News that Brisbane Broncos halfback Tom Dearden has accepted a deal to move to the North Queensland Cowboys in 2022 really showed that sometimes a club can learn a lesson or two.

It was just a few years ago that the North Queensland Cowboys lost a promising young player who was just starting his career at another club. Kalyn Ponga signed a sizeable deal with the Newcastle Knights after just a few first grade games. The Cowboys chose not to match the offer and let Ponga go. Big mistake…

The Brisbane Broncos should have learned the same lesson last year when Andrew Fifita was offered a big money deal by the Gold Coast Titans. As Fifita tears opposition teams apart the 2021 version of the Brisbane Broncos would love to be paying him $1 million to have him on their books like you’ll win at topcasinoer.net. The odds of that decision turning our in their favour are as good as the odds you’ll find at casinos online!

Now the Broncos have let another promising young player leave. It makes you question what they think they will be rebuilding their club around if not for their most talented junior players.

The Wests Tigers ran into this issue a number of years ago. They had a handful of young players they had developed all off contract at the same time. How do you let a player like James Tedesco leave your club? How do you let any other club offer him enough money to consider leaving. If another club is offering him $1 million a season, match it. Heck, better it! Make him turn down more money to play elsewhere and roll the dice at a real money casino.

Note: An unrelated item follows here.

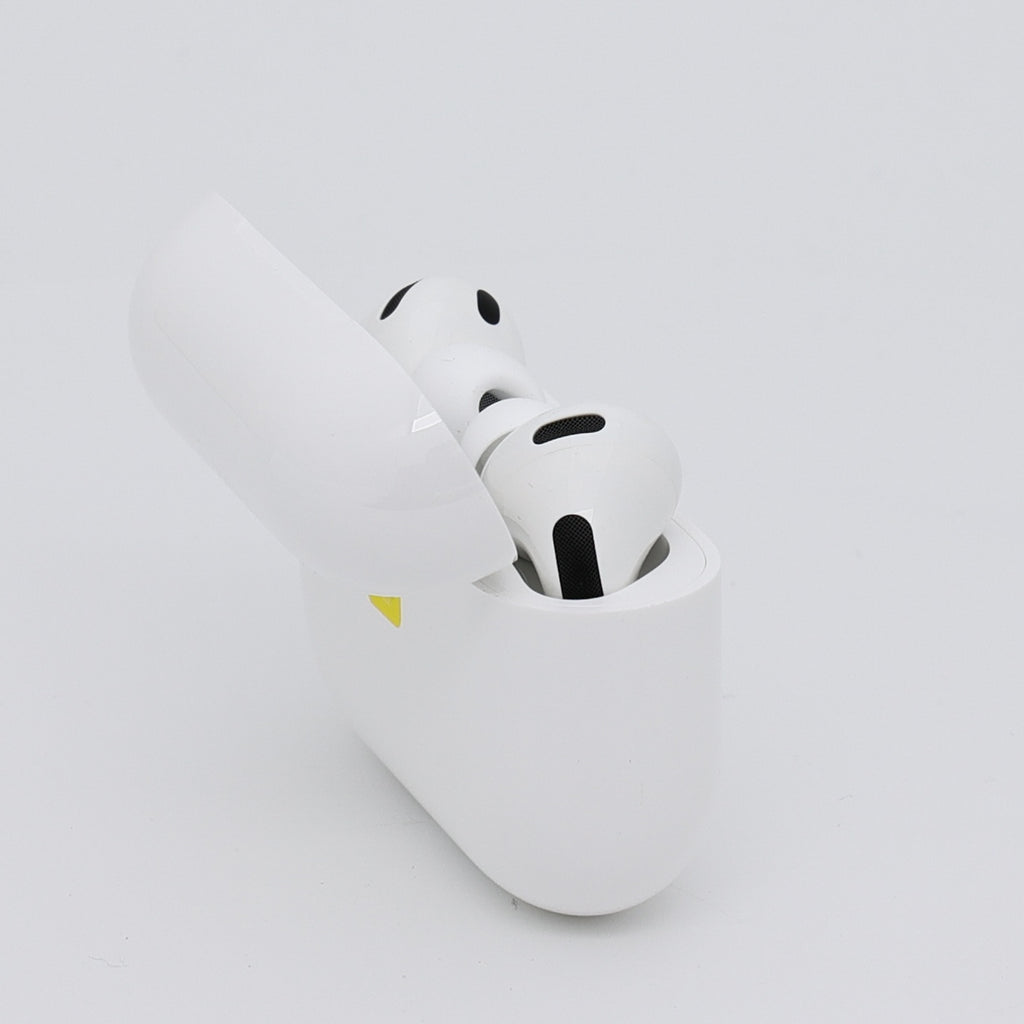 99新 Apple AirPods Pro 3 白色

Losing a young star player can be devastating to a club. I think back to when Brad Fittler left the Penrith Panthers in the mid 1990’s during the Super League War. The loss of a once in a generation player like Fittler was a massive blow the club struggled to overcome for years. Meanwhile the team he joined, the Sydney Roosters, build their club around Fittler and enjoyed immense success, although they ironically lost to the Penrith Panthers in the 2003 NRL Grand Final (Of course I was going to bring that up!).

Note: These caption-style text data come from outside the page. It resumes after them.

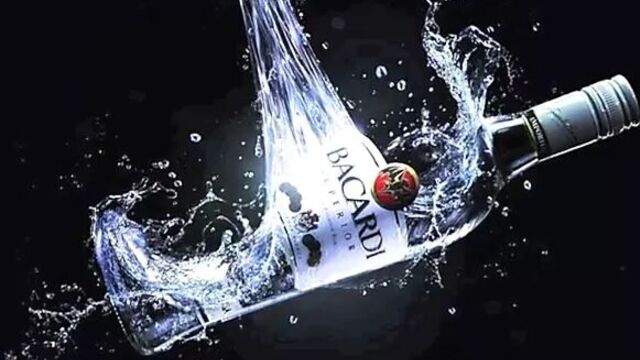 Сумасшедшее выступление Rebecca Patek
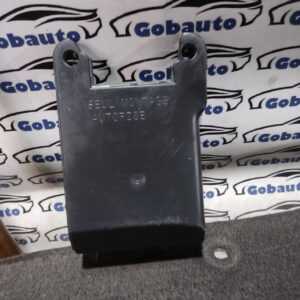 Б/У Кришка блока управління AirBag RENAULT MEGANE III 285A70003R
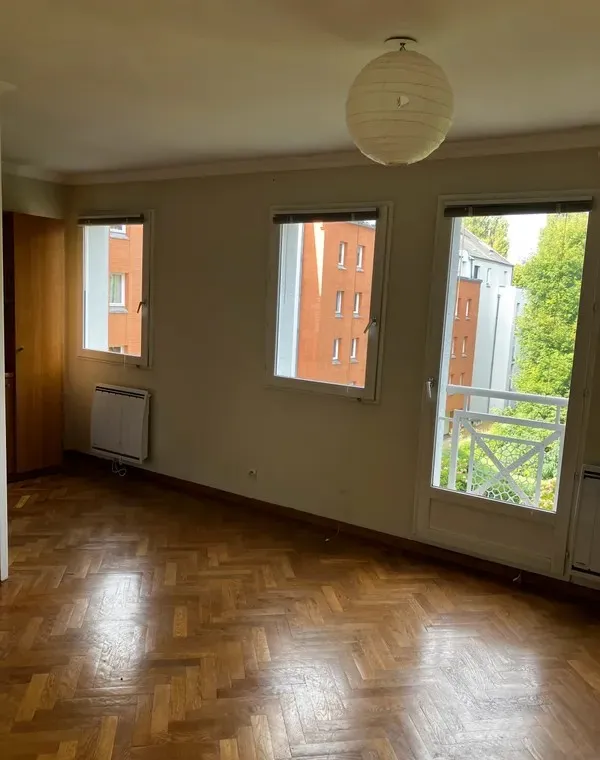 Location Lille Appartement 66e81669d621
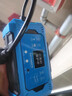 電瓶修復(fù)器全自動修復(fù)正品電動車智能脈沖激活修復(fù)充電器通用 至尊款【大功率+自動斷電】 曬單實(shí)拍圖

The Canterbury Bulldogs are another club who lost a young, talented player who they really should have held onto. Johnathan Thurston was a bench player but clearly a player of the future when he played in the 2004 NRL Grand Final for the club. He signed a sizeable deal to move to the North Queensland Cowboys, and the rest is history. Thurston would go on to be one of the best halfback of his era, guiding the Cowboys to two Grand Final appearances and winning one of them.

As the current Penrith Panthers club has shown us, and the Melbourne Storm have shown us since they entered the competition, holding on to the best young players you develop is vital in terms of aiming for long term success.

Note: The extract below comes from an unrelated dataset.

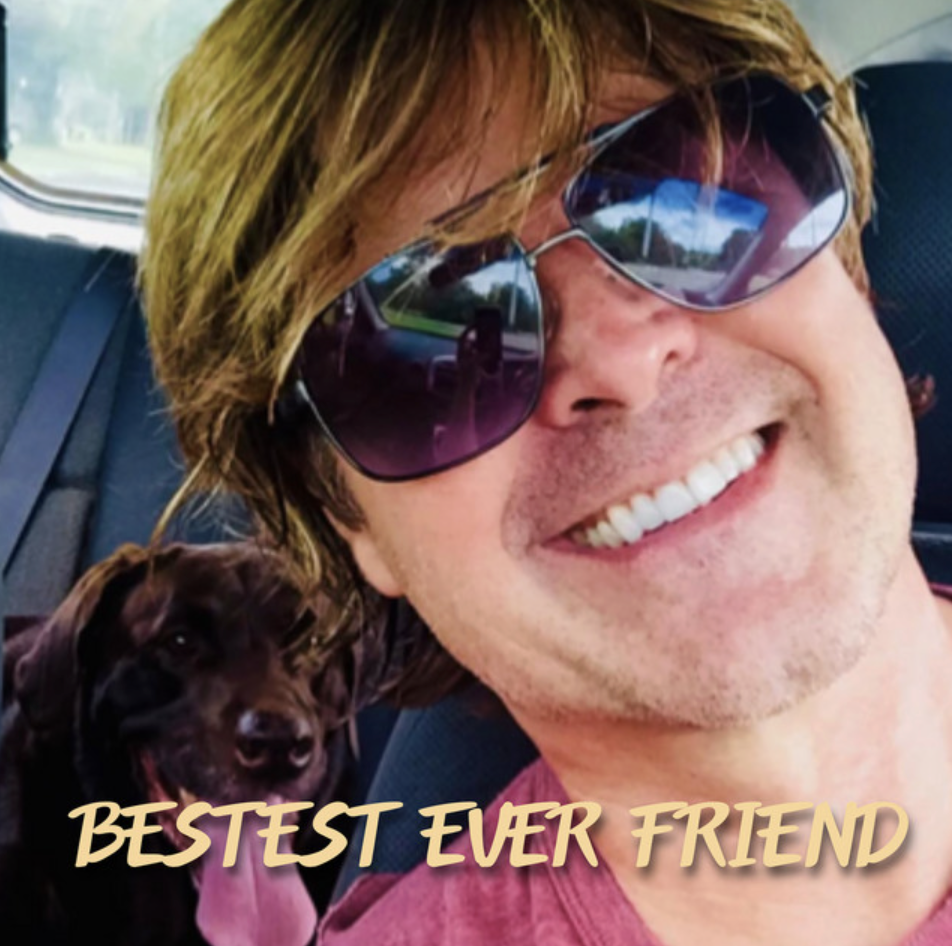 Bestest Ever Friend.png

It is insane that some NRL clubs have taken so long to work this out. What exactly are the Brisbane Broncos planning on doing to rebuild their club? When is a young player good enough to hold onto? David Fifita, already an elite talent in the game, was considered expendable. Now a promising young halfback in Dearden is also expendable.

It makes neo sense at all and is a very bad sign for the Broncos long term future.